M) Check some of the mean NDVI numbers you see with your group members to see if your values are the same as theirs. They should be! You can also create a quick Excel plot to see how the mean NDVI changed through the year in Leicestershire.

Part 2: Individual study area selection

In the above example we examined NDVI change during part of 2022 in Leicestershire. For the group project, each group member will have the responsibility of looking at the NDVI change experienced within a different vegetation study area inside the UK climate district your group has been assigned.

Looking at column  1  in  the  table  below,  you  can  see there  are four different types of vegetation study area for this project. In terms of the analysis, there is no difference who selects which type of study area so in your group, agree on one type of study area to each group member. (Groups with three people only need to pick any three of the four vegetation sites). Note the person responsible in column 2 below.

A)  Download the NDVI_Part2 files folder from Learn, and from inside it, open the Met_Office_Climate_Districts shapefile in ArcGIS.

Open the attribute table and select your group’s climate district, then right click on the climate districts shapefile in the Table of Content window and Data >> Export Data with a sensible .shp name for your district.

B)  Next from NDVI_Part2 open the Veg_Areas shapefile for the vegetation study area you have responsibility for (see column 3 in table above).

To use in the Python script, you need to isolate one polygon from your Veg_Areas shapefile. For some area types like County or National Parks, the choices will be limited.

For the Ancient Woodland shapefiles, use (menu) Selection >> Select by Location and use your group climate district to select only the polygons in your district  and export these, to help narrow down your choice.

Take a minute or so here to choose your polygon. Any polygon will work, but ask the opinion of your team mates about the polygon you will select. You may want to add in (any) one of the 2022 NDVI .tif files to get a feel for the study area polygons’ size versus the spatial resolution of the NDVI data (250 m).

C)  To  select  and  export  your  chosen  polygon,  first  right  click  on  your  Veg_Areas shapefile  in  the  Table  of  Contents  and  >>  Selection  >>  Make  This  The  Only Selectable Layer.

Keep a record of the name of each person’s study site in column 4 of the table.

D)  You can now adapt the Python script (at STEPS 2,3,4) and then run it again to swiftly quantify NDVI change in 2022 for your chosen vegetation study area.

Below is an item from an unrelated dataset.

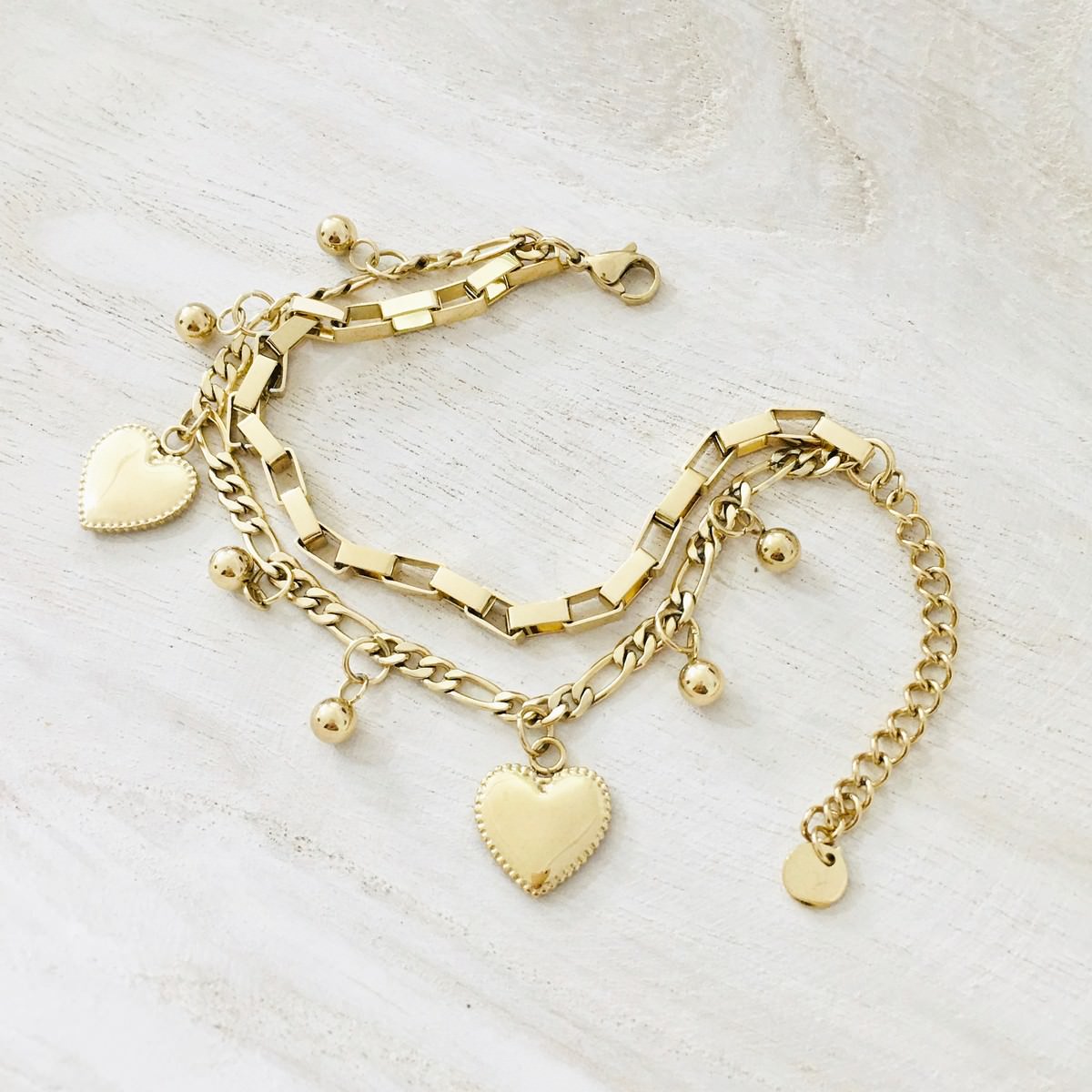 Charlie Heart Charm Bracelet Gold - Image 2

Part 3: Comparing the NDVI change in 2022 to other years

Download NDVI_Part3 and you will see there are different years of NDVI data.

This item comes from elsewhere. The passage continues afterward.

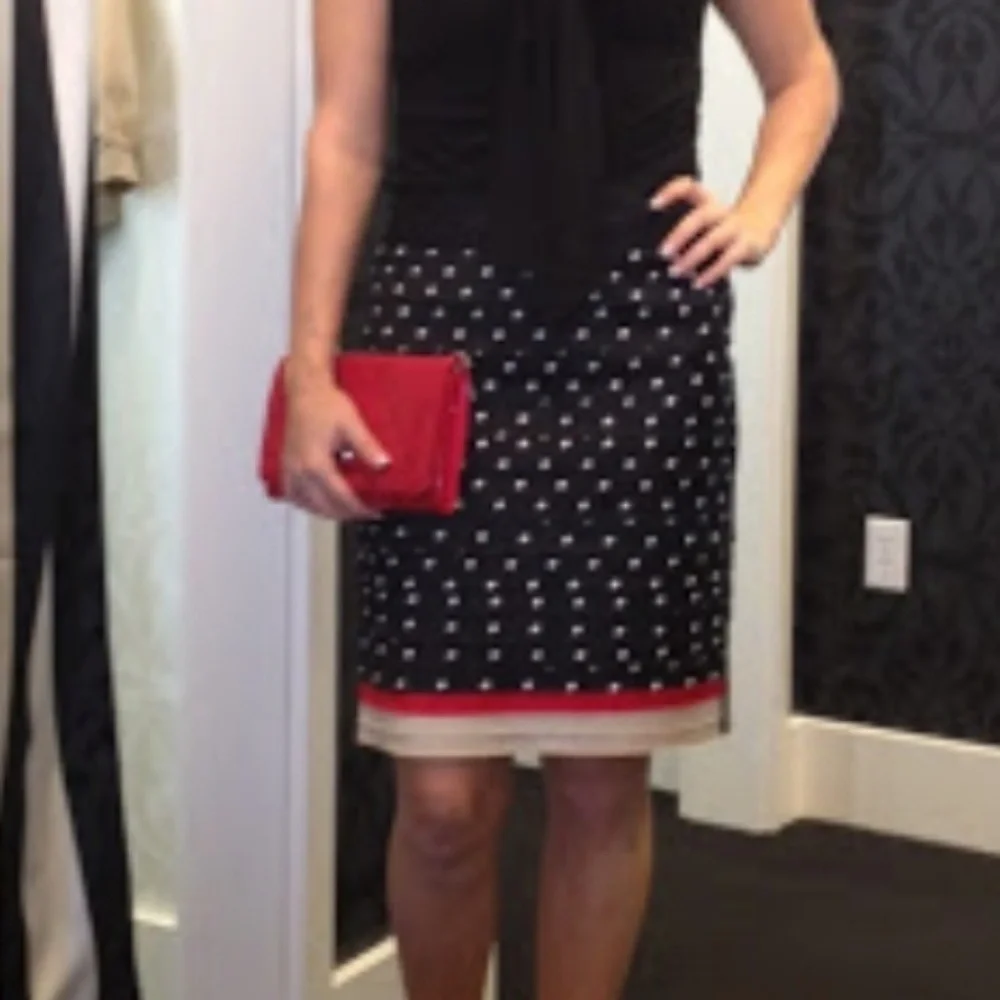 White House Black Market Polka Dot Tiered Skirt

You will be able to use these other years to determine:

a. the difference in NDVI pattern between the 2022 drought summer versus 2021 (the year before)

b. the difference in NDVI pattern between the 2022 drought summer and a longer-term average made up of the average of three years (2005, 2010, 2015).

Again, only minor changes to STEPS 1 and 2 on the Python script need to be adjusted to run each different year and output the NDVI statistics.